Brief descriptive captions:
<<<<

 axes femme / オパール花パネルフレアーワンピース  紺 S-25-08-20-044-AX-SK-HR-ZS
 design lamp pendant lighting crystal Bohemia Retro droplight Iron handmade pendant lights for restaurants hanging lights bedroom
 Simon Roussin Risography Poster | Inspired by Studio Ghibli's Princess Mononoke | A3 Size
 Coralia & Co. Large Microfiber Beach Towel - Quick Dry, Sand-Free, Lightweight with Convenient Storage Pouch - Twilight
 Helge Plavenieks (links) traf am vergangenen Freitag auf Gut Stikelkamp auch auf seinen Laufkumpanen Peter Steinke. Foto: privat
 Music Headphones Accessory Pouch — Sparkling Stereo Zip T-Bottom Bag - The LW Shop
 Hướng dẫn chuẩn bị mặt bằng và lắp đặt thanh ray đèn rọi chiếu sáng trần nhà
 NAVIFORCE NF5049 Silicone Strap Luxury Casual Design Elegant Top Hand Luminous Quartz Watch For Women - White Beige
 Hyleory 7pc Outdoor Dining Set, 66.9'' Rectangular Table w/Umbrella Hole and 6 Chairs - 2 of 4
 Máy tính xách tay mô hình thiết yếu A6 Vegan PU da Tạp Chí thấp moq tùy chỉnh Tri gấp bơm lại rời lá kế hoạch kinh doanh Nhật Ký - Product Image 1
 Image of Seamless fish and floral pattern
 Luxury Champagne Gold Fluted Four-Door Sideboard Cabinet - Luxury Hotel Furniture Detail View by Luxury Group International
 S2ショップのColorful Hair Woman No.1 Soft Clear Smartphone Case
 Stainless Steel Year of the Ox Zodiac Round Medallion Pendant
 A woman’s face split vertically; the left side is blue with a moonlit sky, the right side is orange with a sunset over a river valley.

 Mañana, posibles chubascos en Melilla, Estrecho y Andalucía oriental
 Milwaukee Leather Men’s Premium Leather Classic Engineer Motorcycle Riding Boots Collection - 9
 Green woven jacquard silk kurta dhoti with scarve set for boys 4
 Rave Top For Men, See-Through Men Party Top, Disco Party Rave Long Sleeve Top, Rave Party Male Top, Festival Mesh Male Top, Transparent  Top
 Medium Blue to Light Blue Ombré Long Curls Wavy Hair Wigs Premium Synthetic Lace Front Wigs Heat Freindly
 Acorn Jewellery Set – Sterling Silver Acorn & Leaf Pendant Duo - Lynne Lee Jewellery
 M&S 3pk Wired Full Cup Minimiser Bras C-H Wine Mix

>>>>

» **INSTRUCTIONS TO FOLLOW**: Every entry is to be returned exactly, with nothing dropped.

» **FINAL ANSWER**:
 axes femme / オパール花パネルフレアーワンピース  紺 S-25-08-20-044-AX-SK-HR-ZS
 design lamp pendant lighting crystal Bohemia Retro droplight Iron handmade pendant lights for restaurants hanging lights bedroom
 Simon Roussin Risography Poster | Inspired by Studio Ghibli's Princess Mononoke | A3 Size
 Coralia & Co. Large Microfiber Beach Towel - Quick Dry, Sand-Free, Lightweight with Convenient Storage Pouch - Twilight
 Helge Plavenieks (links) traf am vergangenen Freitag auf Gut Stikelkamp auch auf seinen Laufkumpanen Peter Steinke. Foto: privat
 Music Headphones Accessory Pouch — Sparkling Stereo Zip T-Bottom Bag - The LW Shop
 Hướng dẫn chuẩn bị mặt bằng và lắp đặt thanh ray đèn rọi chiếu sáng trần nhà
 NAVIFORCE NF5049 Silicone Strap Luxury Casual Design Elegant Top Hand Luminous Quartz Watch For Women - White Beige
 Hyleory 7pc Outdoor Dining Set, 66.9'' Rectangular Table w/Umbrella Hole and 6 Chairs - 2 of 4
 Máy tính xách tay mô hình thiết yếu A6 Vegan PU da Tạp Chí thấp moq tùy chỉnh Tri gấp bơm lại rời lá kế hoạch kinh doanh Nhật Ký - Product Image 1
 Image of Seamless fish and floral pattern
 Luxury Champagne Gold Fluted Four-Door Sideboard Cabinet - Luxury Hotel Furniture Detail View by Luxury Group International
 S2ショップのColorful Hair Woman No.1 Soft Clear Smartphone Case
 Stainless Steel Year of the Ox Zodiac Round Medallion Pendant
 A woman’s face split vertically; the left side is blue with a moonlit sky, the right side is orange with a sunset over a river valley.

 Mañana, posibles chubascos en Melilla, Estrecho y Andalucía oriental
 Milwaukee Leather Men’s Premium Leather Classic Engineer Motorcycle Riding Boots Collection - 9
 Green woven jacquard silk kurta dhoti with scarve set for boys 4
 Rave Top For Men, See-Through Men Party Top, Disco Party Rave Long Sleeve Top, Rave Party Male Top, Festival Mesh Male Top, Transparent  Top
 Medium Blue to Light Blue Ombré Long Curls Wavy Hair Wigs Premium Synthetic Lace Front Wigs Heat Freindly
 Acorn Jewellery Set – Sterling Silver Acorn & Leaf Pendant Duo - Lynne Lee Jewellery
 M&S 3pk Wired Full Cup Minimiser Bras C-H Wine Mix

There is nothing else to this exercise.